But we don't need to deal with the problems of distributed systems, because web forums aren't distributed! What we want is a standard that will model the way forums already work, plus or minus some optional or disputed extensions. Making NNTP resemble a forum would require adding so many things on top that there's no point in using NNTP in the first place: it just doesn't fit the model we want.

A good forum model would tie users and messages to a particular server. It would make messages mutable (or perhaps expose an immutable history, but make the 'current' reference mutable, like git does). It would at least provide a substrate for mutable metadata that karma-like systems could use, even if these systems were specified as optional extensions to the standard. It would allow for some standardized message metadata (e.g. Content-Encoding and Content-Type equivalents). It would pretty much look like what you'd get if you designed the API of a generalized forum, talking json over http, while trying not imagine the clientside UI.

There's probably an existing standard or three like this somewhere in the dustbin of history.

NNTP also has a lot of more minor ugliness that I'd be happy to argue against. It's one of the http/mime/email family of headers-body encodings, which is well known for producing fragile implementations (quick, recite the header folding rules!) and are all subtly different from one another to make sure everyone's sufficiently confused. It relies on sometimes complex session state instead of simple separate requests. There's a bunch of optional features (many of historical interest), but at the same time the protocol is extremely underspecified (count how many times it says you SHOULD but not MUST do something, and MAY do quite the opposite instead). Any client-server pair written from scratch inevitably ends up speaking a highly restricted dialect, which doesn't match that of any other client or server.

Given all of this, the only possible value of using NNTP is the existing software that already implements it. But there's no implementation of an NNTP client in Javascript (unless you want to use emscripten), if only because Javascript in a browser can't open a raw TCP socket, so until the recent advent of websocket-to-tcp proxies, nobody could write one. And implementing a new HTTP-based server to a new (very simple) standard, basically just CRUD on a simple schema, is much easier than writing an NNTP JS client - IF you're willing to not make a distributed system.

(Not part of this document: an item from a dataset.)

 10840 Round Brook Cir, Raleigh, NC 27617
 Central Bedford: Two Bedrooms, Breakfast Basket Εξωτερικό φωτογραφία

A final note: one may well argue that we do want a distributed, decentralized system with immutable messages (or immutable old-message-versions), because such systems are inherently better. And in an ideal world I'd agree. But they're also far, far harder to get right, and the almost inevitable tradeoffs are hard to sell to users. I'm not convinced we need to solve the much harder distributed version of the problem here. (Also, many decentralization features can be added in a secondary layer on top of a centralized system if the core is well designed.)

Comment author: Error 28 April 2016 04:19:06PM 1 point [-]

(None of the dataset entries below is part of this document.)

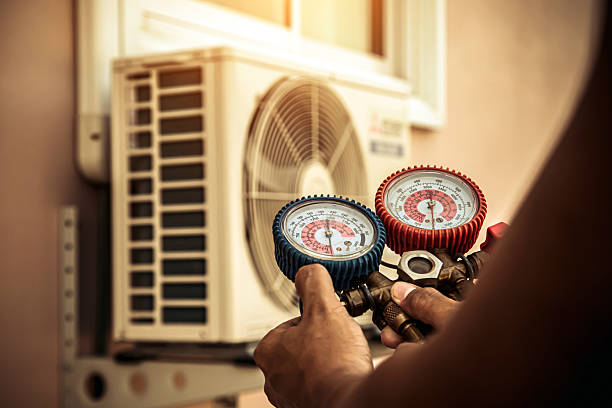Professional Hvac technician working in Pickens, MS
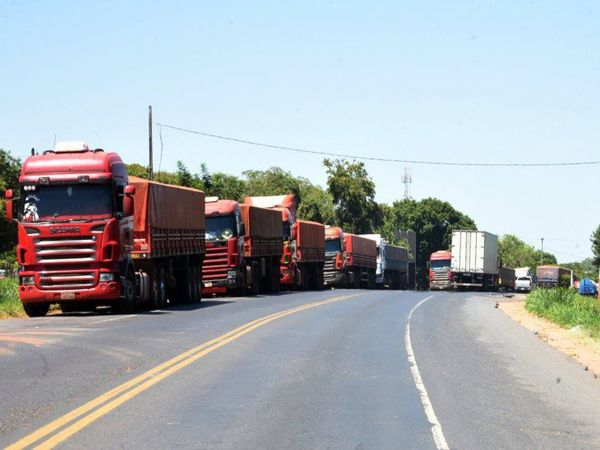DINATRAN contrató consultora privada para estudiar precio mínimo de flete de camioneros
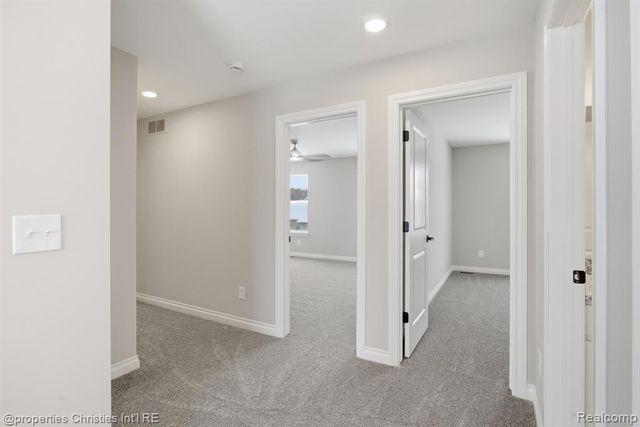 23188 Waterview Drive, New Boston, MI 48164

At this point you can say that you'll argue your case in a future post instead of replying to this comment.

I will, but I'll answer you here anyway -- sorry for taking so long to reply.

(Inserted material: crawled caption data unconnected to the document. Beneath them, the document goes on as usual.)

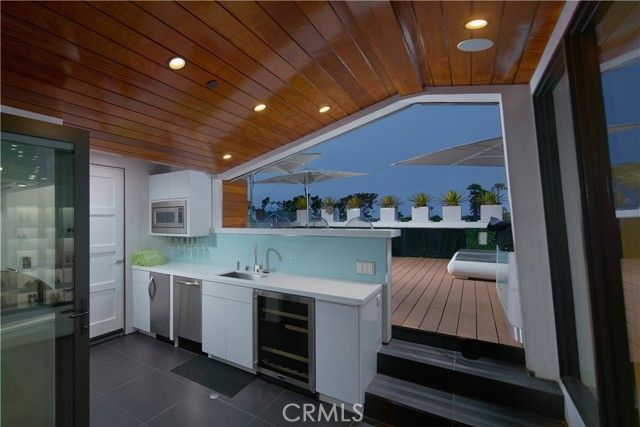 604 Acacia Avenue, Corona Del Mar (newport Beach), CA 92625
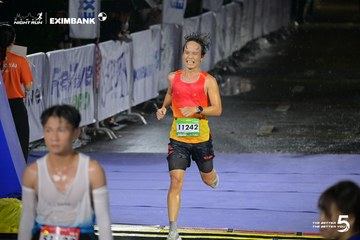 Photo HO CHI MINH CITY NIGHT RUN EXIMBANK 2026 - 9cdb0cdbadc13311da7961e086040b1f.jpg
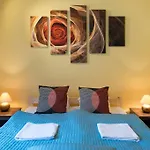Big Cosy Retro Apt, Free Parking, 15Min Oldtown & Kazimierz - By Homelike Krakow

I strongly disagree that NNTP is a good choice for a backend standard

I feel I should clarify that I don't think it's "good", so much as "less bad than the alternatives".

But we don't need to deal with the problems of distributed systems, because web forums aren't distributed!

Well, yes and no. Part of what got me on this track in the first place is the distributed nature of the diaspora. We have a network of more-and-more-loosely connected subcommunities that we'd like to keep together, but the diaspora authors like owning their own gardens. Any unified system probably needs to at least be capable of supporting that, or it's unlikely to get people to buy back in. It's not sufficient, but it is necessary, to allow network members to run their own server if they want.

That being said, it's of interest that NNTP doesn't have to be run distributed. You can have a standalone server, which makes things like auth a lot easier. A closed distribution network makes it harder, but not that much harder -- as long as every member trusts every other member to do auth honestly.

The auth problem as I see it boils down to "how can user X with an account on Less Wrong post to e.g. SSC without needing to create a separate account, while still giving SSC's owner the capability to reliably moderate or ban them." There are a few ways to attack the problem; I'm unsure of the best method but it's on my list of things to cover.

Given all of this, the only possible value of using NNTP is the existing software that already implements it.

This is a huge value, though, because most extant web forum, blogging, etc software is terrible for discussions of any nontrivial size.

There's probably an existing standard or three like this somewhere in the dustbin of history.

Is there?

That's a serious question, because I'd love to hear about alternative standards. My must-have list looks something like "has an RFC, has at least three currently-maintained, interoperable implementations from different authors, and treats discussion content as its payload, unmixed with UI chrome." I'm only aware of NNTP meeting those conditions, but my map is not the territory.

Comment author: NancyLebovitz 25 April 2016 02:01:07PM -2 points [-]

I've already banned them and their comments.

Comment author: Error 25 April 2016 04:35:57PM -2 points [-]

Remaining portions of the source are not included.